Face au rapprochement amorcé entre Donald Trump et Vladimir Poutine, le chef de fil du bloc conservateur a annoncé vouloir augmenter significativement les dépenses militaires de son pays pour continuer à soutenir avec ses voisins européens l'Ukraine. Il faut aussi à ses yeux se préparer «au pire scénario» en créant une défense européenne autonome en tant qu'alternative à «l'Otan dans sa forme actuelle», au vu de la rupture transatlantique en cours avec Washington.
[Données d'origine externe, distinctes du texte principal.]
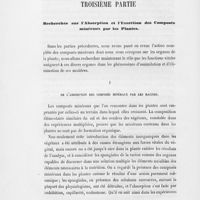 0060 - Page 58 - Troisième partie. Recherches sur l'absorption et l'excrétion des composés minéraux par les plantes / I. De l'absorption des composés minéraux par les racines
Or, ses grands projets risquent de buter sur un obstacle de taille: pour débloquer l'argent nécessaire, il a besoin d'une majorité des deux tiers des députés, qu'il ne pourra trouver dans la nouvelle chambre issue des législatives de dimanche et dont le mandat commence le 25 mars. Friedrich Merz va devoir pour cela en effet soit assouplir les règles nationales constitutionnelles très strictes limitant l'emprunt public – le «frein à l'endettement – soit créer un «fonds spécial» défense hors budget. Deux mesures réclamant une majorité des deux tiers.
Et l'affaiblissement des partis modérés aux élections va donner dans le nouveau Bundestag de facto une minorité de blocage pour ces projets aux partis d'extrême droite (AfD) et d'extrême gauche (Die Linke), qui pour des raisons différentes sont opposés aux desseins de Friedrich Merz. Ce dernier a donc indiqué lundi ne pas exclure, pour contourner l'obstacle, de faire voter les mesures par le Bundestag actuel, où il peut espérer atteindre la majorité nécessaire.
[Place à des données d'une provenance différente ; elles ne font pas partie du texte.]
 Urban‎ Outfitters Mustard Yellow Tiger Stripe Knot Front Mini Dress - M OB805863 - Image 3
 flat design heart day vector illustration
Une réforme vue d'un mauvais oeil
Friedrich Merz a quatre semaines pour trouver un terrain d'entente avec les sociaux-démocrates et les verts favorables à de telles dépenses. La première option avec eux serait une réforme du frein à l'endettement, qui limite dans la constitution les nouveaux emprunts annuels à 0,35% du PIB par an. C'est ce carcan, introduit sous le mandat d'Angela Merkel et vilipendé par nombre d'économistes – y compris aujourd'hui les plus orthodoxes – qui a fait trébucher la coalition du prédécesseur de Merz, le social-démocrate Olaf Scholz en novembre dernier. Les Libéraux du FDP ne voulaient pas l'abandonner et ont quitté le gouvernement.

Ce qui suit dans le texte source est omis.